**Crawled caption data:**
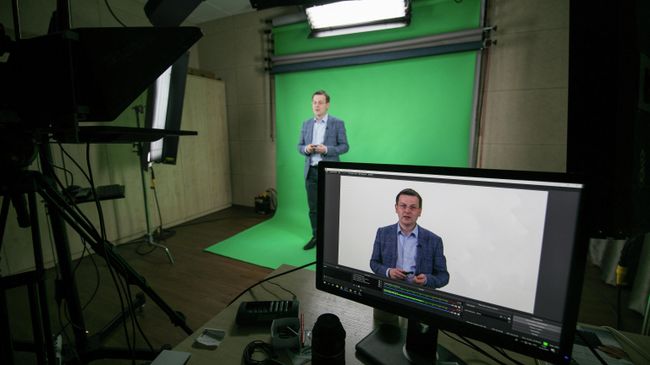 Нейросеть-видеомейкер в работе Нейросеть-видеомейкер в работе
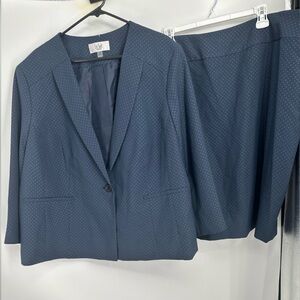 Le Suit Women's Blue Printed Pattern 2-Piece Skirt Suit Plus Size 24W
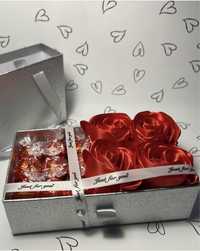 Луксозна кутия със сатенени рози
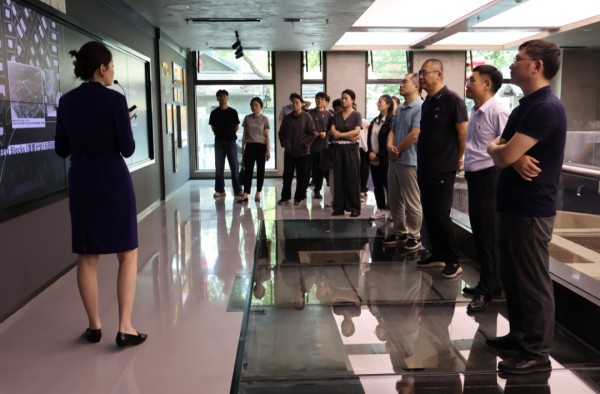 图片 1.jpg 图片 1.jpg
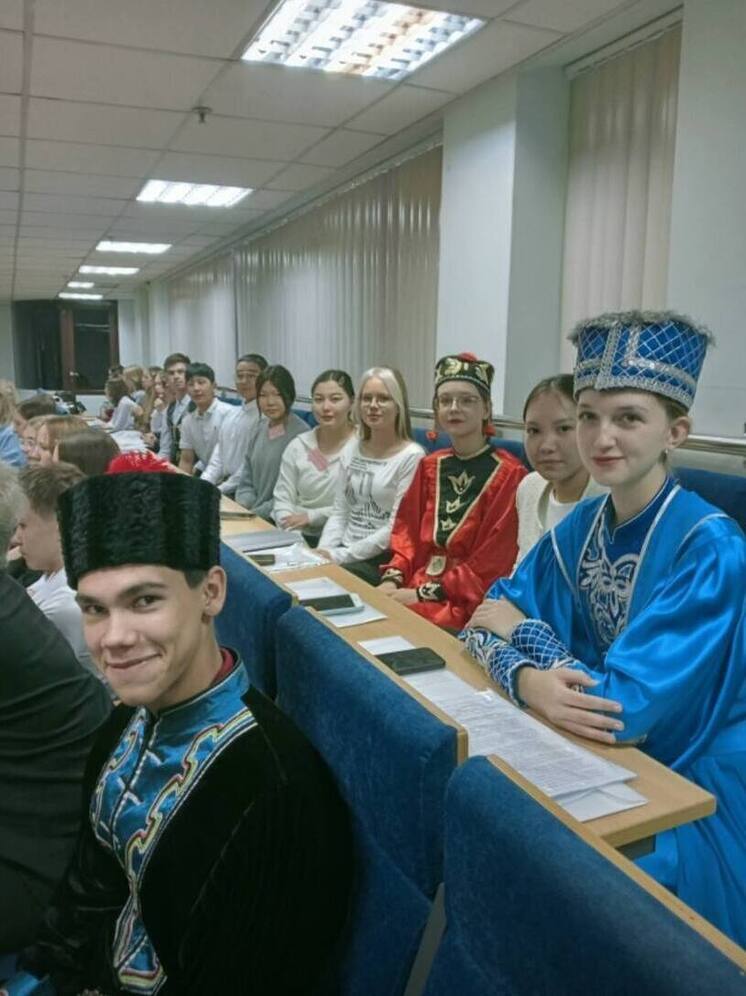 Лаганские школьники продемонстрировали свои знания в Санкт-Петербурге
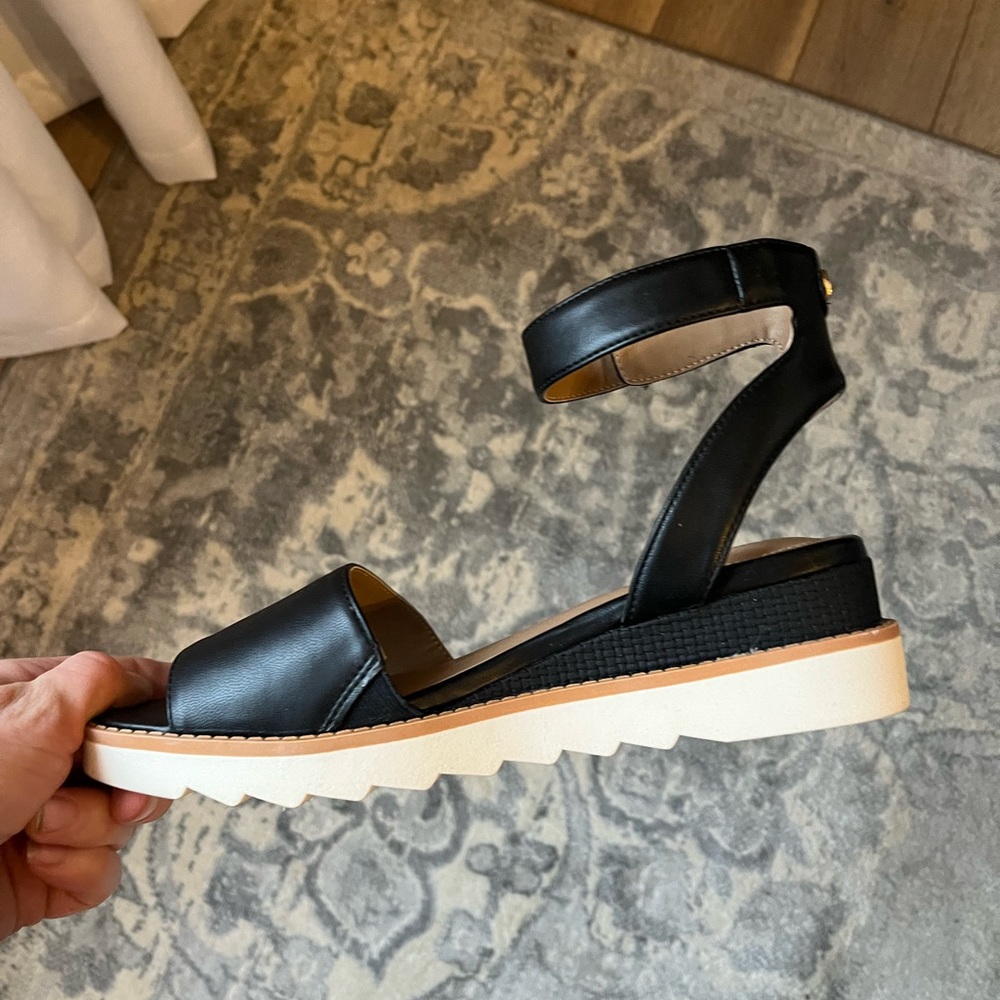 NWT Giani Bernini Memory Foam Sandal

**Exercise:** Your answer must be exactly the lines from the one with "图片 1.jpg 图片 1.jpg" through the last line of the entries, both included, with no pictures; please add nothing else.

**Response area:**
 图片 1.jpg 图片 1.jpg
 Лаганские школьники продемонстрировали свои знания в Санкт-Петербурге
 NWT Giani Bernini Memory Foam Sandal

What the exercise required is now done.